(Adds economist comment, exporters' association, background)
By Paul Carrel
BERLIN, Nov 13 (Reuters) - German gross domestic product (GDP) contracted by 0.5 percent in the third quarter, data showed on Thursday, putting Europe's largest economy in recession for the first time in five years.
The bigger than expected quarter-on-quarter decline in GDP, adjusted for seasonal, calendar and price effects, was marked by a negative contribution from foreign trade as exports weakened, more than offsetting a rise in private and public consumption.
The figures underscored the risks for the broader European economy, which faces a deep and prolonged downturn, exacerbated by ongoing turbulence in the global financial system. Economists polled by Reuters had been expecting a more modest third-quarter contraction of 0.2 percent.
"This doesn't look good at all," said Commerzbank economist Ralph Solveen. "The fourth quarter will be very weak. We'll probably see even worse figures then. We should see things heading down in the first half of 2009 as well, with a stabilisation after that."
The economy last shrank for two straight quarters in the first half of 2003, the Office said. That contraction followed negative growth in the final quarter of 2002 -- making for the economy's weakest patch since reunification in 1990.
The weaker-than-expected GDP figure fuelled financial market gloom about Europe's economic outlook, helping euro zone government bonds edge higher.
Germany's fortunes are crucial to the performance of the overall euro zone. Figures on euro area GDP due on Friday are expected to show a third-quarter contraction of 0.2 percent, putting the 15-nation currency zone in recession.
Germany has been the world's largest exporter of goods since 2003, profiting from a period of strong global growth. But as boom turns to bust in many export markets, its large exposure to the global economy means Germany is suffering.
To limit the damage, Chancellor Angela Merkel's government has unveiled a package of targeted stimulus measures they say could generate investments and contracts of up to 50 billion euros, but the weakness could increase pressure on Berlin to do more for average Germans.
"WE HAVE PROBLEMS"
In a sign of how Germany's big companies are suffering, carmaker Daimler said last month it would shut two big German plants for a month due to a sharp drop in demand.
Auto parts maker Robert Bosch GmbH said last week it would shorten the working week for 3,500 workers at a plant in Germany for six months.
"We have problems in the automotive sector -- there is no doubt -- because of the U.S. market," Anton Boerner, President of the BGA exporters' association, told Reuters Television.
On the year, German GDP increased by 1.3 percent in the third quarter after annual growth of 3.3 percent in the April-June period, the statistics office figures showed.
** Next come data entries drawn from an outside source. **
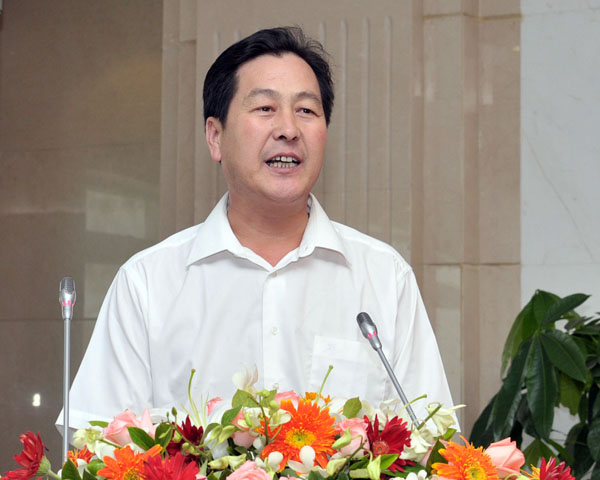 “河北航空杯”国际小姐河北赛区佳丽与emc易倍体育员工联谊汇演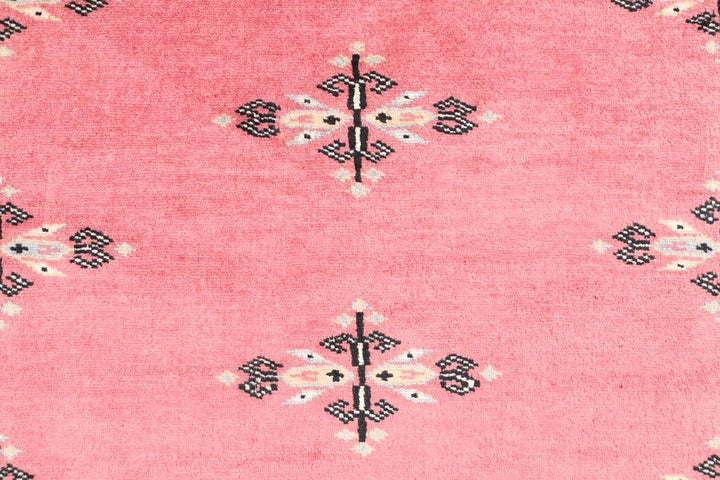 Butterfly 2' 7 x 3' 8 - No. 47579 - ALRUG Rug Store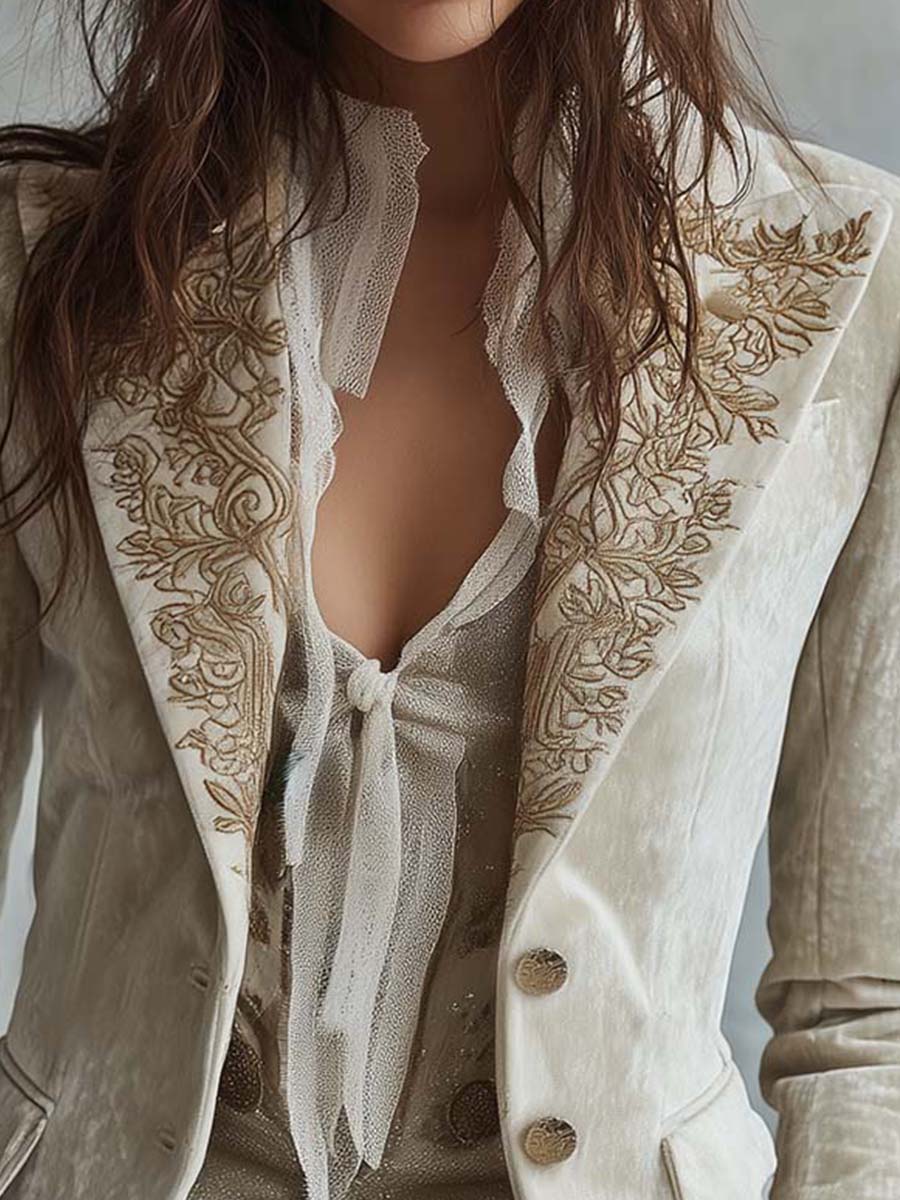 Evelina · Blazer marfil con detalles dorados · Imagen 4
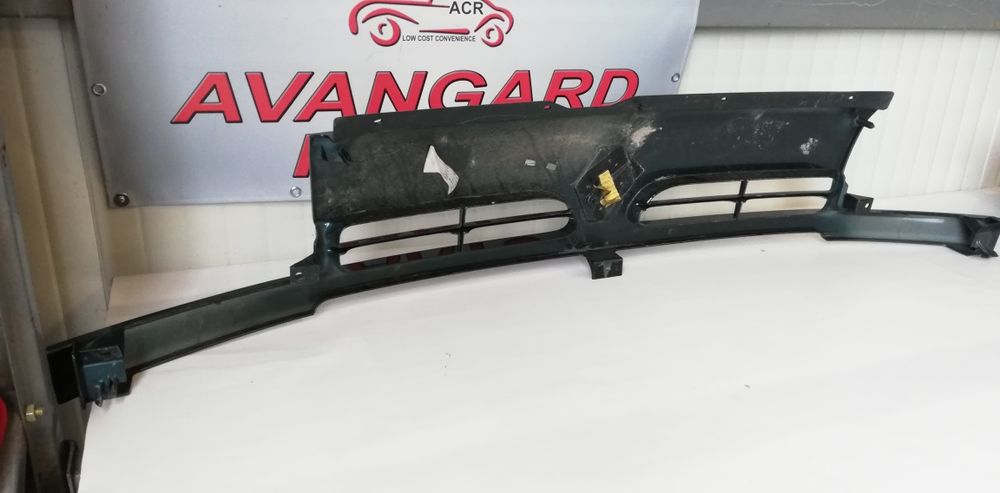 Предна решетка за Renault Master 1998-2010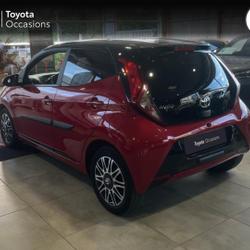 Toyota Aygo 1.0 VVT-i 72ch x-clusiv 5p MY20 occasion - Lattes - photo 2/25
Second-quarter GDP was revised to show a contraction of 0.4 percent, compared with 0.5 percent previously reported.
The economy is headed for further weakness, indicators show.
German business expectations plunged in October to their lowest level since the country was unified in 1990, the Munich-based Ifo economic research institute's monthly business climate survey showed in October.
"If you think today's numbers are already bad, just wait for the next quarter," said ING Financial Markets' Carsten Brzeski. "The headwinds of the financial crisis and the global economic slowdown are blowing right in the face of the German economy."
"At the earliest, a recovery can be expected in the second half of 2009," he added.
The German statistics office is due to publish a breakdown of the third-quarter GDP figures on Nov. 25.